* [WHAT THE TASK ASKS]: Omit every picture, then give all the entries again exactly.

(Caption-style text data)
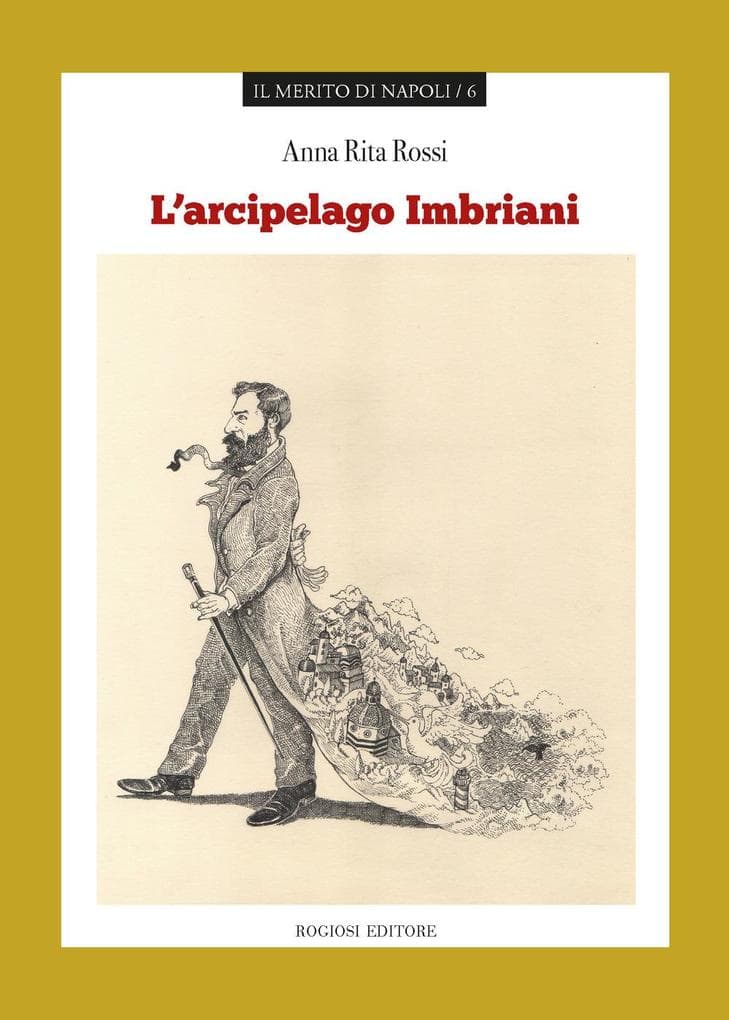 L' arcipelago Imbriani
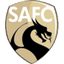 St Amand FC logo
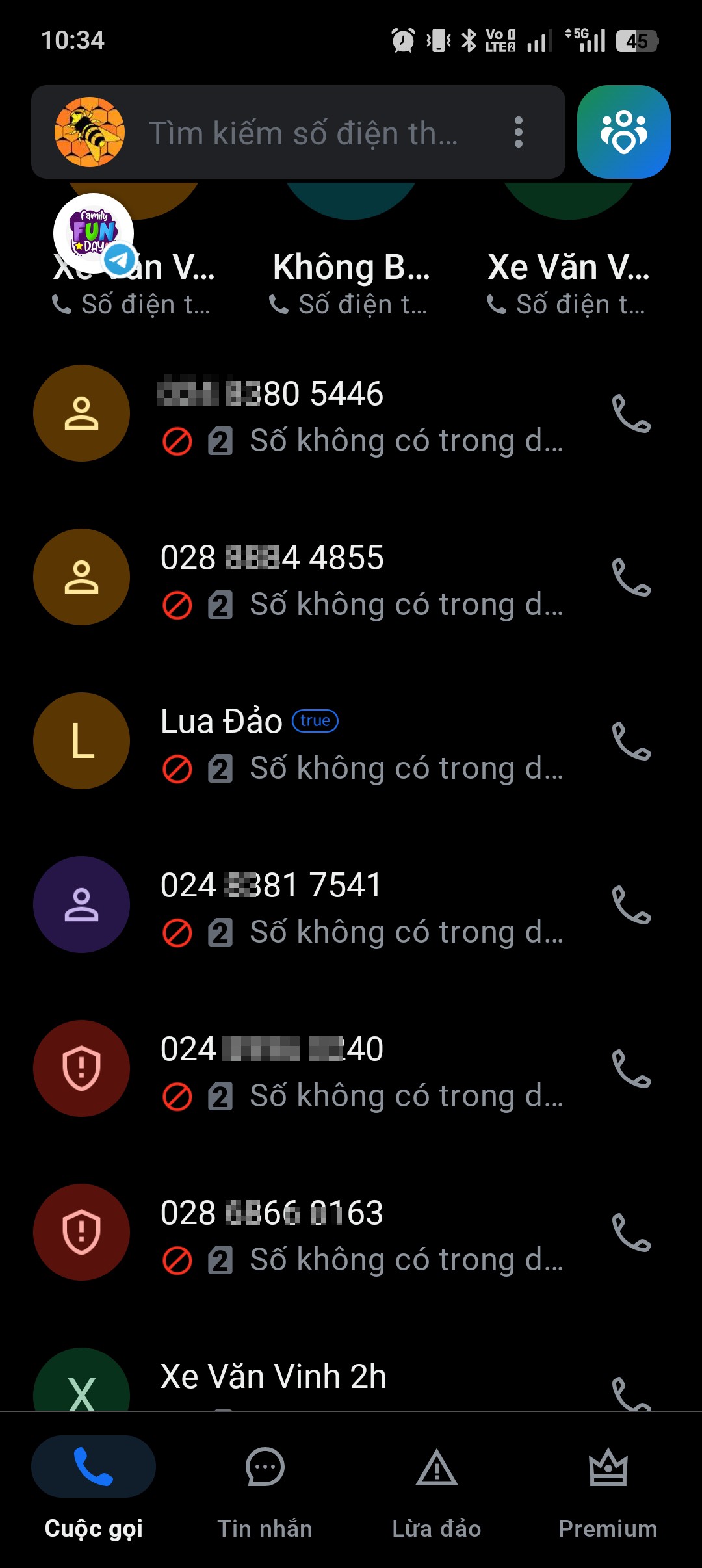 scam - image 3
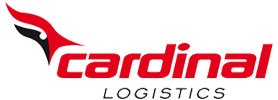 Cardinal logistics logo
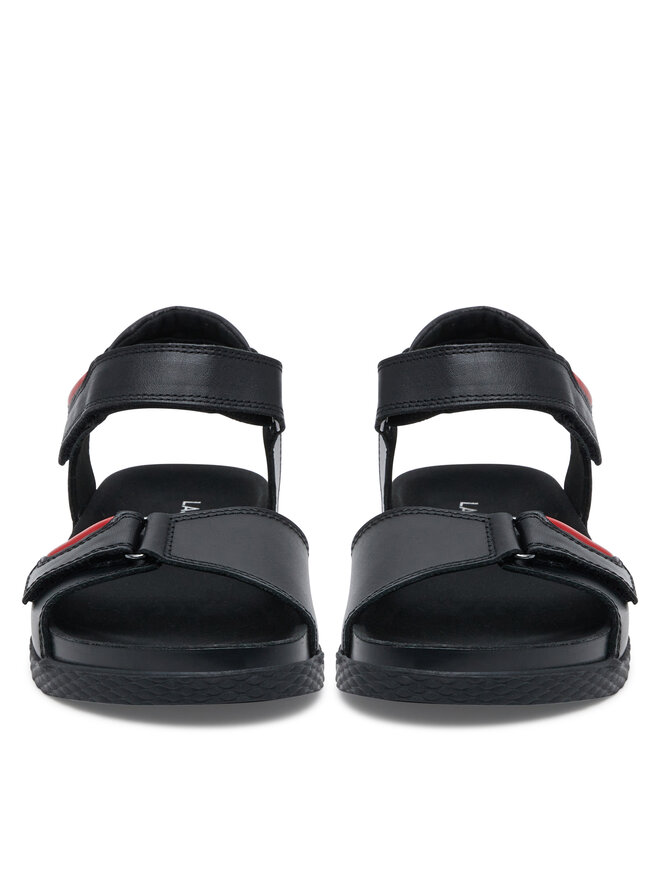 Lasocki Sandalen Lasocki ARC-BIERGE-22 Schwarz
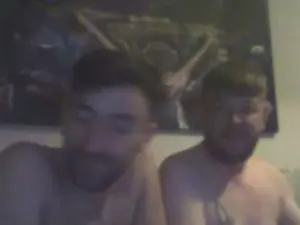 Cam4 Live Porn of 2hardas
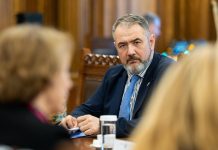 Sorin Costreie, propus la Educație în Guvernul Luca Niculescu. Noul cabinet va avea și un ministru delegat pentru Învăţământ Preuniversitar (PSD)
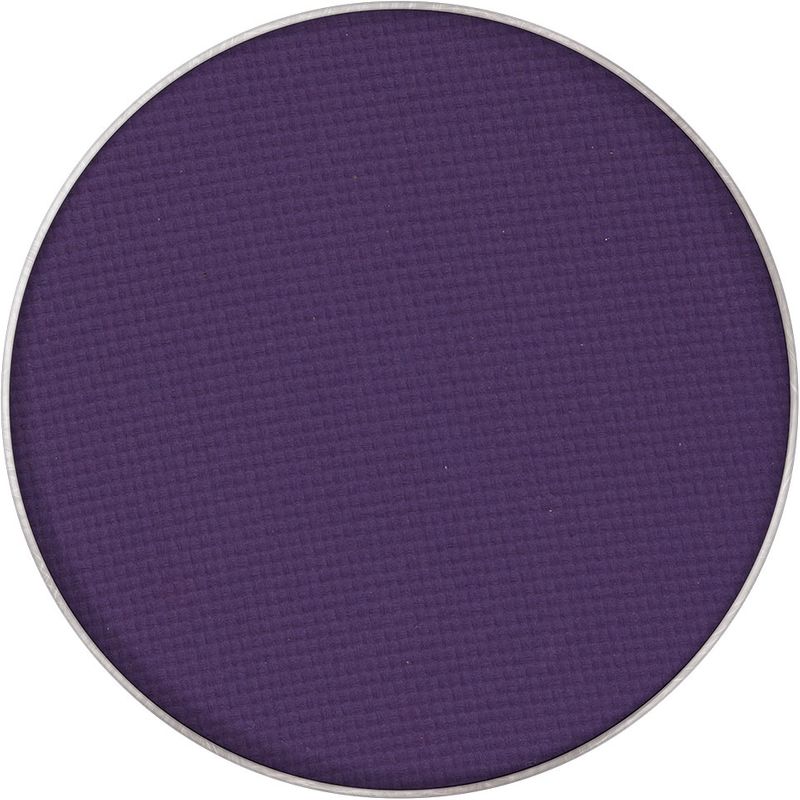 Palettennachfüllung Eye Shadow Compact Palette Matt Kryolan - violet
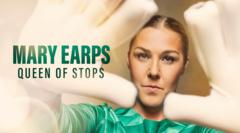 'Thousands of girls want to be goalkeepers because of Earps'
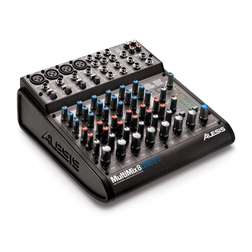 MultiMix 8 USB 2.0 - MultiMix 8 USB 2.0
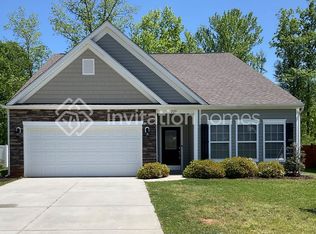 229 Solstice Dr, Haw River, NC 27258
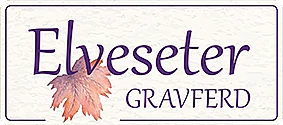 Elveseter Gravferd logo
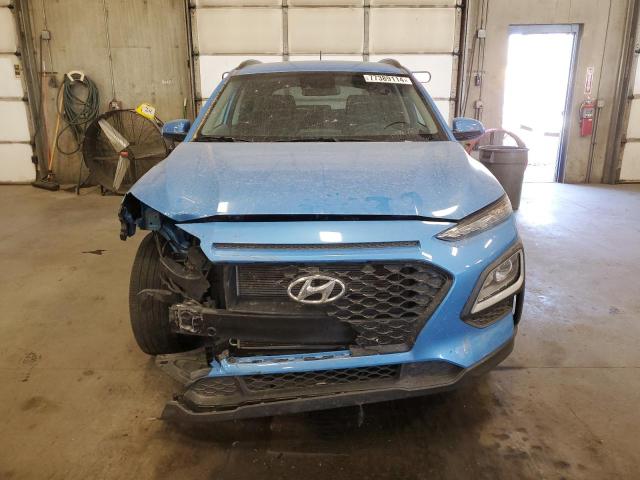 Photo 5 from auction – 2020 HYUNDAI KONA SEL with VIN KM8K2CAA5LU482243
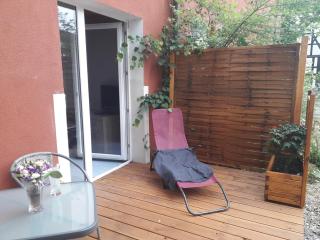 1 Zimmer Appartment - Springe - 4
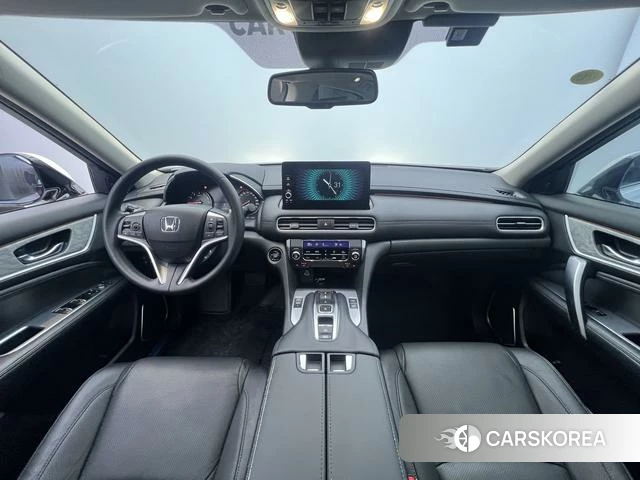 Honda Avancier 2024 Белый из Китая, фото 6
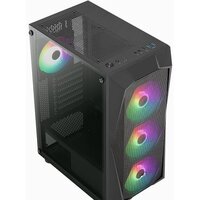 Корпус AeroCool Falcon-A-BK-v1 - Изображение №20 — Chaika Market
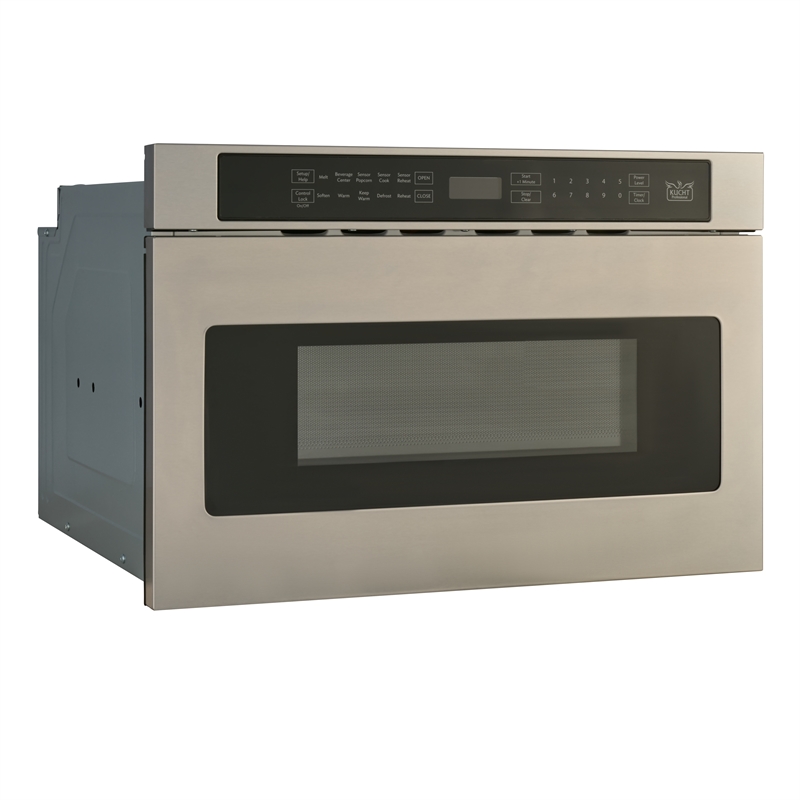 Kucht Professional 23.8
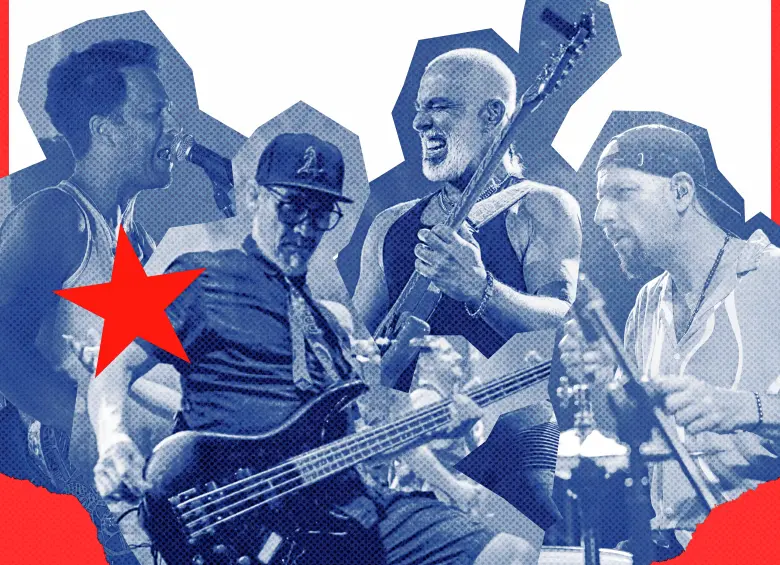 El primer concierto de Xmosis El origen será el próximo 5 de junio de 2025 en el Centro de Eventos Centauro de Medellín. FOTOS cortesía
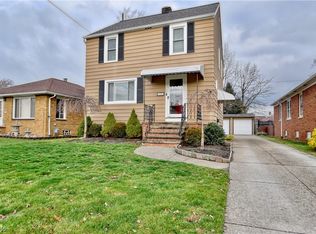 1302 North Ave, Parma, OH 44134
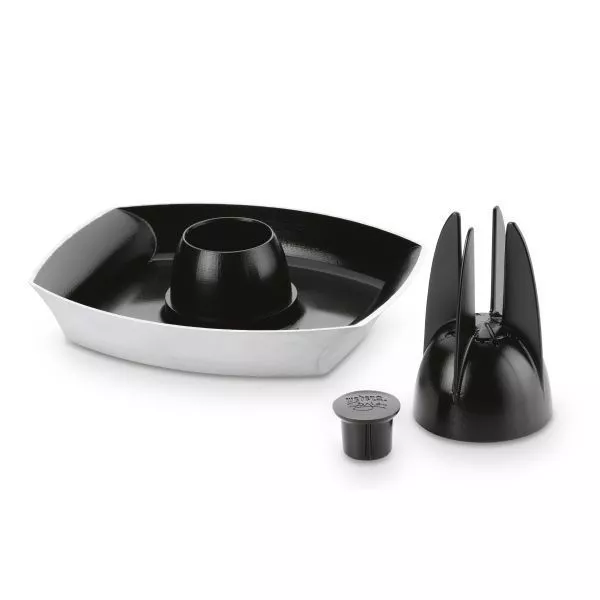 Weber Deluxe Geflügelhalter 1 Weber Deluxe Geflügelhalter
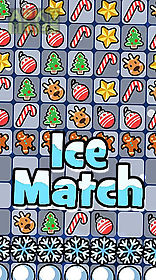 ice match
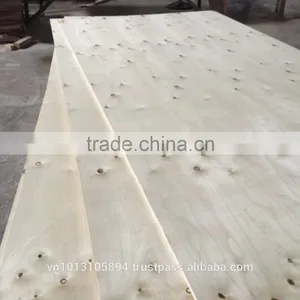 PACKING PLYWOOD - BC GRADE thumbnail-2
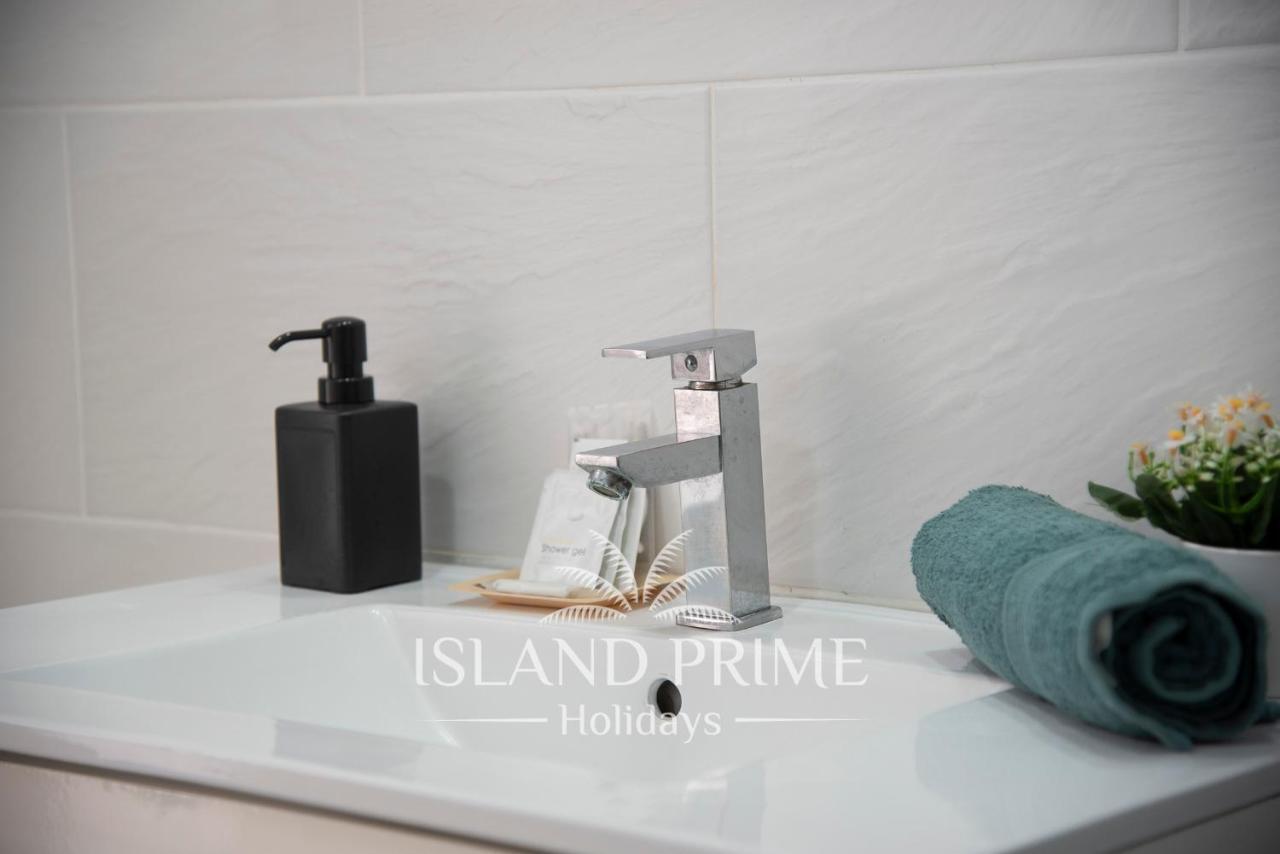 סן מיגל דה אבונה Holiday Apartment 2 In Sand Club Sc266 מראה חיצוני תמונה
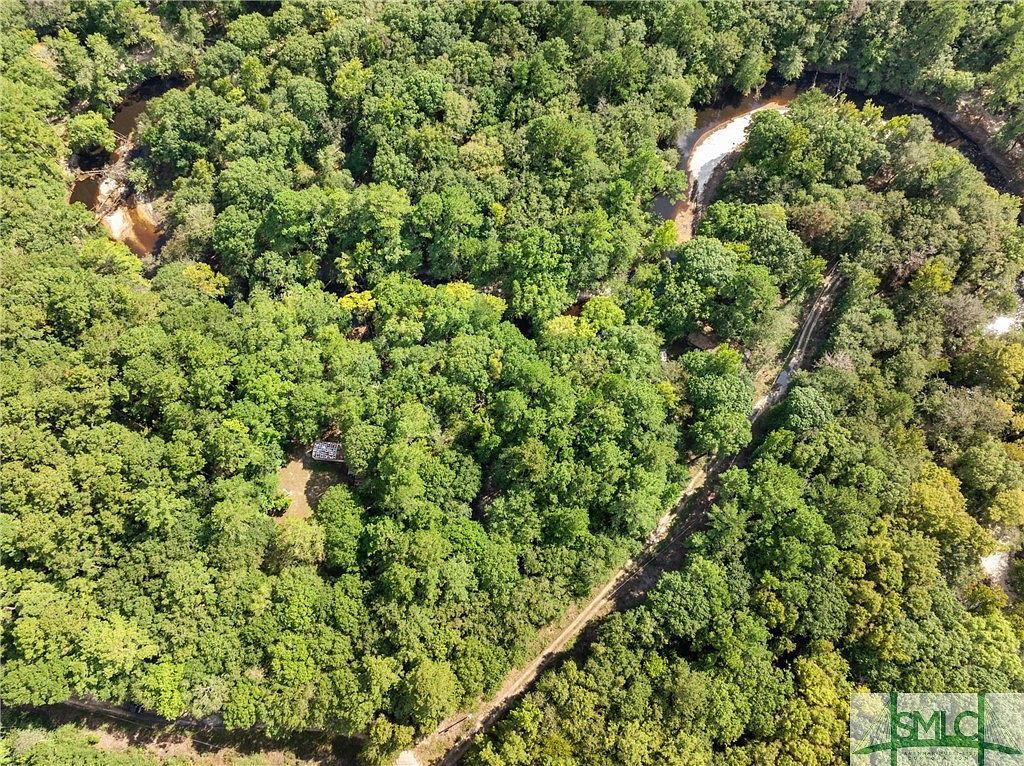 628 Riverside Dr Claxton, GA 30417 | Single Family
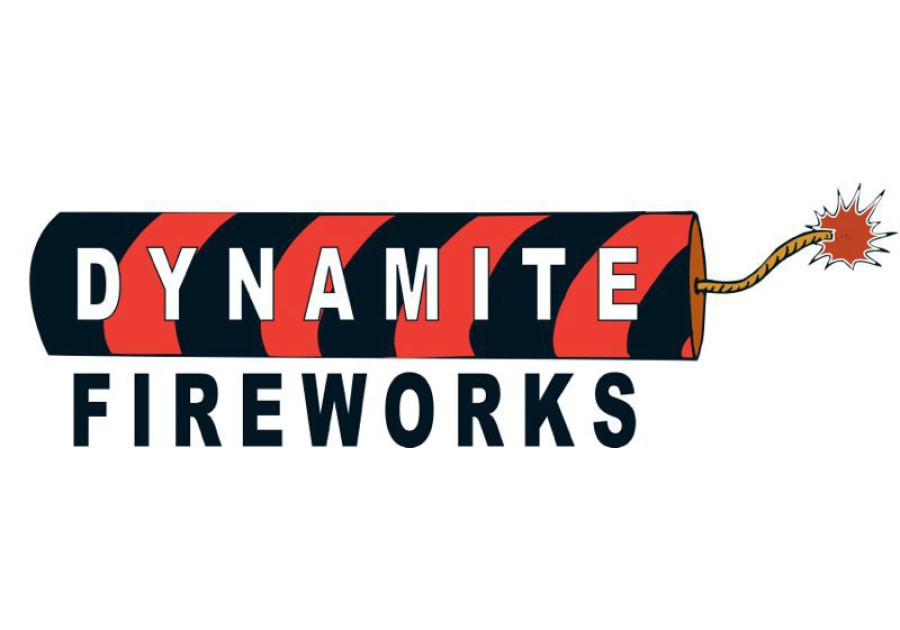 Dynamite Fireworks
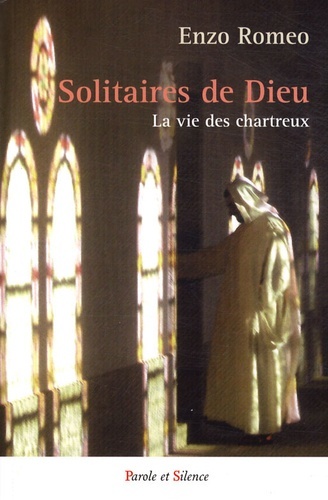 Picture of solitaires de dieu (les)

* [COMPLETED EXERCISE]:
 L' arcipelago Imbriani
 St Amand FC logo
 scam - image 3
 Cardinal logistics logo
 Lasocki Sandalen Lasocki ARC-BIERGE-22 Schwarz
 Cam4 Live Porn of 2hardas
 Sorin Costreie, propus la Educație în Guvernul Luca Niculescu. Noul cabinet va avea și un ministru delegat pentru Învăţământ Preuniversitar (PSD)
 Palettennachfüllung Eye Shadow Compact Palette Matt Kryolan - violet
 'Thousands of girls want to be goalkeepers because of Earps'
 MultiMix 8 USB 2.0 - MultiMix 8 USB 2.0
 229 Solstice Dr, Haw River, NC 27258
 Elveseter Gravferd logo
 Photo 5 from auction – 2020 HYUNDAI KONA SEL with VIN KM8K2CAA5LU482243
 1 Zimmer Appartment - Springe - 4
 Honda Avancier 2024 Белый из Китая, фото 6
 Корпус AeroCool Falcon-A-BK-v1 - Изображение №20 — Chaika Market
 Kucht Professional 23.8
 El primer concierto de Xmosis El origen será el próximo 5 de junio de 2025 en el Centro de Eventos Centauro de Medellín. FOTOS cortesía
 1302 North Ave, Parma, OH 44134
 Weber Deluxe Geflügelhalter 1 Weber Deluxe Geflügelhalter
 ice match
 PACKING PLYWOOD - BC GRADE thumbnail-2
 סן מיגל דה אבונה Holiday Apartment 2 In Sand Club Sc266 מראה חיצוני תמונה
 628 Riverside Dr Claxton, GA 30417 | Single Family
 Dynamite Fireworks
 Picture of solitaires de dieu (les)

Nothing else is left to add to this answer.